I was thinking about it and I realized that in most games today the protagonist is usually a complete dick. He's still saving the world but I suppose shoving glass into people's mouths, shoving people out windows or tying a whore to your horse and galloping across the countryside makes me think that this is something an antagonist should be doing. Not that we can't have (loosely defined) "gritty realism" in games but if we're standing right at the edge of the divingboard of a pool of crazy batshit insane whats stopping us from jumping right on in?
The closest I've ever been to being a straight up villian was in Fallout 3. If only because I took the term
survival to the utter extreme and was bent on killing everyone I could because that meant that there was no chance that they could kill me later. Don't get me wrong, I killed everybody. I even killed everybody except for the two litte kids (because they're invincible) in Megaton
before I blew it to kingdom come. Because if I had blown it to the moon beforehand I couldn't have gotten all that delicious exp and all their stuff. But unfortuantly Fallout 3 karmatically balances itself out because the game gave you the option to massacre in the same hand as the option to save everyone. And thats the problem, its perfectly fine to suffocate an entire village in their sleep because you also
could (but won't) fix their house to look better than a shiny car on a warm day, buy them nice clothes and do their dirty laundry.

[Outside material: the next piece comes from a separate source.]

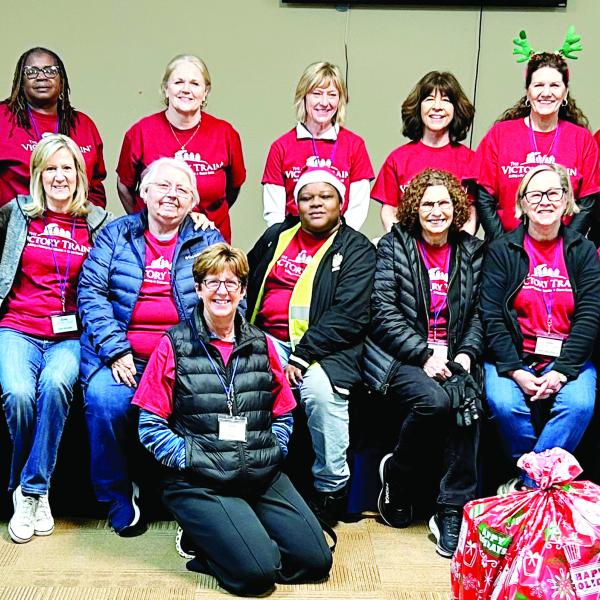 Victory Train volunteers work together to help spread Christmas cheer. CONTRIBUTED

But Flailing," you might say. "Games do exist where you do nothing but be a massive twat." And while I guess thats true those games are generally shit. For example I had the misfortune of playing Overlord 2 a couple months ago because it sounded like a good idea. Who doesn't want to play as a cruel and satanic overlord that destroys the entire world by throwing little, retarded monkeys at it. The stupid part is that destroying the world slowly becomes more of a day job than anything else. Sure, you're destroying the world but its so tedious by the end all I wanted to do was sit in my evil fortress and mope all day.
My point is in a bucket load of games today you can fuck, maim, torture and massacre your way to
saving the known world. I remember thinking at the end of Dragon Age II that Kirkwall must be pretty empty by now; because I had killed thousands of people by then and I still got the good ending. And if you can shoot kneecaps, break bones, strangle people in their sleep, cut off fingers, fuck prostitutes and extinguish entire villages while still being completely "Paragon" whats stoping games from letting us play as Pyramid Head or a serial killer. The MO may be different (mostly bandits and Nazis) but thats exactly what we're doing.
So yes, games do exist where you are nothing but a total and complete asshole. But too few games exist where you are nothing but a total and complete asshole that are actually good. There are games out there that "allow you" to be a total and complete asshole but thats not your only choice. And I've been seeing fewer and fewer games where being a
good guy is a hard and difficult slope to climb (like it should be).
I don't know if many of you remember the Dragon Age: Origin's dlc where you get to replay the final battle through the eyes of a darkspawn but imagine if there was an entire game like that. Where your ultimate goal is pretty much to destroy the world. Instead of having the option to help people you could just have the option to not kill them. Which is just as good by some rights. Imagine in Limbo instead of playing as the little large head boy you played as the world itself. And carefully set and set off traps as little large headed boys wandered through them. The death animations wouldn't be anymore gruesome than in regular Limbo but whats stopping an idea like that from taking flight?
...
I guess so 16 year olds won't think that shooting up their school or punching their little sister in the face is a good idea.